◆ How to complete this task ◆
Please copy each line in the records below that contains the string "Safety".

[Items from a data source]
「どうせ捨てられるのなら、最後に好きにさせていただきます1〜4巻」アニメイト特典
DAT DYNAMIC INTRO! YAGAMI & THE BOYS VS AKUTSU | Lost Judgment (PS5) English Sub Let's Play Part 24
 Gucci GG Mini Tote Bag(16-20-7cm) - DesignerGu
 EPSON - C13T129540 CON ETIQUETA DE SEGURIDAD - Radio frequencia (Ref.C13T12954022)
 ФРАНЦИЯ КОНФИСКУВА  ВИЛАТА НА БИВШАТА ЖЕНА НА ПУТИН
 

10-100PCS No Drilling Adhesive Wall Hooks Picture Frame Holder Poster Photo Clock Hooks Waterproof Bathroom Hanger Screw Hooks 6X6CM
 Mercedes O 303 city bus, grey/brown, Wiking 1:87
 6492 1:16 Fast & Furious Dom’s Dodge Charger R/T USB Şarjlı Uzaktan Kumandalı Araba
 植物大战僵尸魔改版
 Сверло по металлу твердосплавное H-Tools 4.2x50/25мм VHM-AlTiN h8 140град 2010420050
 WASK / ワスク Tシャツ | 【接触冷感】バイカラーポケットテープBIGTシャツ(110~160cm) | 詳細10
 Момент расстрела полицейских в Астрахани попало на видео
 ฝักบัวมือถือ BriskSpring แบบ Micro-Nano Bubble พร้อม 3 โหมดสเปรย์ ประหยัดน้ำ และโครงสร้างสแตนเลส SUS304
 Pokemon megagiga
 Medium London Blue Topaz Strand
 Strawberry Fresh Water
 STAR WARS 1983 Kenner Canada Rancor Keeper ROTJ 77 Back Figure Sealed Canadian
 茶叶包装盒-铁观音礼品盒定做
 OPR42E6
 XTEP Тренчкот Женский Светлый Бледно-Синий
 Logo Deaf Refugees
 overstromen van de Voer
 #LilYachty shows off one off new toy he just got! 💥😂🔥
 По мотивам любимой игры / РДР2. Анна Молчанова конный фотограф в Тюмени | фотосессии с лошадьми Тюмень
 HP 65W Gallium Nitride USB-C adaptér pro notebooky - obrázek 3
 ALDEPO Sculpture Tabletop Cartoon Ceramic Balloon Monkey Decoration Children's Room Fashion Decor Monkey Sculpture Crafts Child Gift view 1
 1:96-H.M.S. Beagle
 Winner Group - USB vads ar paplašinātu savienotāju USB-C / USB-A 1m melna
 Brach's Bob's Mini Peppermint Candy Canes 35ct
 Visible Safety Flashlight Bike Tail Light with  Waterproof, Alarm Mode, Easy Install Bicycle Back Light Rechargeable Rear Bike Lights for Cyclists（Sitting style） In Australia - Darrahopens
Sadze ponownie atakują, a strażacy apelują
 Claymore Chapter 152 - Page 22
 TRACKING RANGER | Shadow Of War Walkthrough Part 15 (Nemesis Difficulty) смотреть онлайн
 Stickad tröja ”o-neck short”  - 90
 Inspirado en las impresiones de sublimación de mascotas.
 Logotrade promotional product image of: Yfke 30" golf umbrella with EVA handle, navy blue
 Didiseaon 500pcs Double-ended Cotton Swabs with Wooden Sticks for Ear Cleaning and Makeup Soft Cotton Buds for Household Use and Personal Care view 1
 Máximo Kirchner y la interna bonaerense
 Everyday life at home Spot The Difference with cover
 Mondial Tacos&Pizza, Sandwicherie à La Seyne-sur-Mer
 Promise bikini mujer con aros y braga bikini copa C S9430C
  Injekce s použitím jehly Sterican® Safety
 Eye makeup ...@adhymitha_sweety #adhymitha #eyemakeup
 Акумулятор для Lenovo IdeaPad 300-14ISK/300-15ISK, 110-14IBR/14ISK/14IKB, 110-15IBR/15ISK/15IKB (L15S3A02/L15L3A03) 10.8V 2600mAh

◆ Expected answer ◆
 Visible Safety Flashlight Bike Tail Light with  Waterproof, Alarm Mode, Easy Install Bicycle Back Light Rechargeable Rear Bike Lights for Cyclists（Sitting style） In Australia - Darrahopens
  Injekce s použitím jehly Sterican® Safety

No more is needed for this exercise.